Group buying startup Gobillion wants to encourage small-town India to shop together, save together
Roshan Farhan, who grew up in Guwahati, saw first-hand how little people in small towns thought of online shopping.
“Even today, if I tell my parents or their friends to buy through online marketplaces, they will not. Despite the fact that they see me shopping online. There is a trust deficit,” Roshan says.
But these small towns spread across India represent a vast, underserved market and a massive opportunity. One that Roshan decided to tap with his best friend Kulapradip Bharali .
Together, the two co-founded Delhi-based, which aims to make online shopping an “interactive and fun” experience. The group-buying startup, which began with an initial investment of Rs 5 lakh, works on a model, which encourages consumers to buy together and benefit from discounts based on their aggregated purchasing quantity.
The co-founders believe that India, which now reportedly has more than 800 million internet users, is ripe for disruption in the group buying section.
Roshan says digital adoption has reached even the smallest of towns across the country and feels that when people see others in their circle ordering online, they are ready to do so themselves.
“That is what has worked for us. When people share deals with their friends through WhatsApp, which will give them discounts, they are totally involved. It then becomes a game for them,” he says.
After the idea came to them in 2020, the core team decided to do a pilot run of the app in Guwahati.
“We started with small towns because the eastern part of India is still quite underserved when it comes to ecommerce. And, if something works in a small town, it has a higher chance of working in bigger cities,” Roshan says.
The 20 member team is looking to add local as well as national FMCG brands on their app
The app was officially launched in February 2021, after a successful test run, began by offering daily essentials, including products like Aashirwad Atta and Lizol that have a higher brand recall, to attract more users.
The startup also retails local brands, where they give higher discounts, along other categories. It has chosen to stay away from fresh produce and perishables “as that will make the warehousing a bit tricky” due to the need for cold storage facilities and focus on shelf life.
Roshan claims transactions have been growing 107 percent month-on-month on the platform since its launch in February 2021.
The Gobillion Inc-run platform has seen more than 30,000 transactions with an average basket size of Rs 650.
It is backed by Y Combinator, a Silicon Valley-based startup accelerator, which invested in home-rental company Airbnb, and food delivery aggregator DoorDash, during their seed stage.
The platform also raised an undisclosed amount from LetsVenture’s Shanti Mohan, Vikalp Sahani, Co-founder of Goibibo, and Harsh Pokharna, fintech platform OkCredit’s Founder, among others.
How group buying helps
On Gobillion, group buying happens when a consumer finds a particular deal and shares it with their contact network, mostly through messaging app WhatsApp. If another person joins in on the deal, the price of that particular item decreases. It keeps decreasing as more and more people get in on the deal.
As of now, one person can get a maximum of four people on a particular deal. But this number will reach at least six or seven in the coming months.

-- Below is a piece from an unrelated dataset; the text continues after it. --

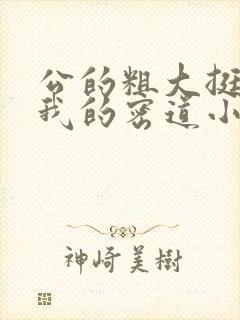 公的粗大挺进了我的密道小说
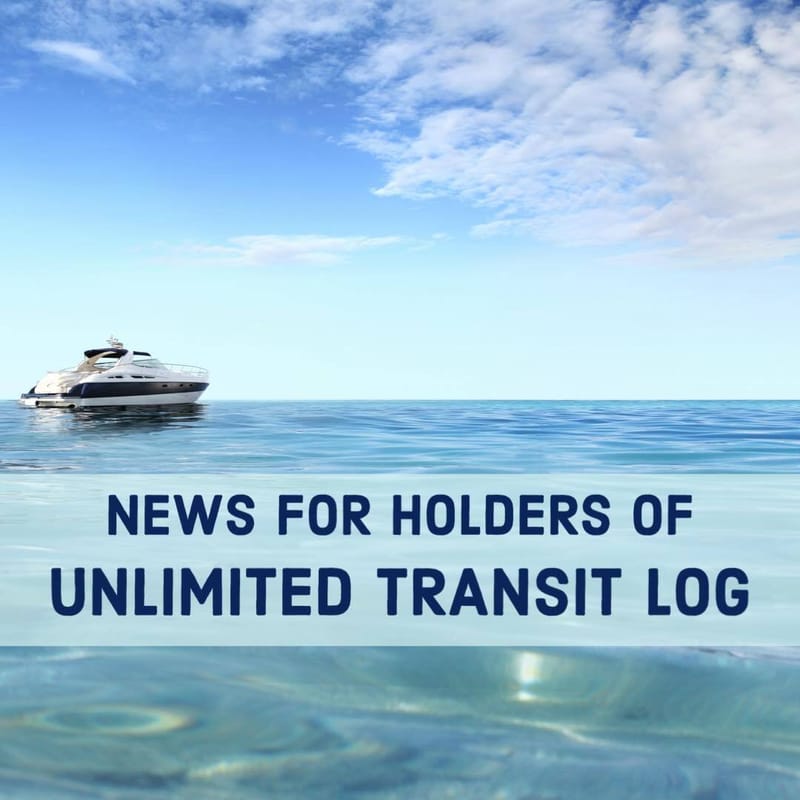 UNLIMITED TRANSIT LOG HOLDERS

“The concept is still new in India. Once there is more trust in this system, we will increase the group limit,” Roshan says.
Group buying has been successful in other parts of the world, including China.
Six-year-old Pinduoduo is the biggest success story of this model. The Shanghai-based app connects farmers and distributors directly with customers, who participate in group buying and get huge discounts.
The idea is simple: no matter the price of the product, if you can get more people to buy, you and everyone else involved in the deal gets a discount. The bigger the team size, the bigger the discount.
“Due to the accelerated pace of the internet, more and more people coming on to the platform. But the habit is yet to be built,” Roshan says.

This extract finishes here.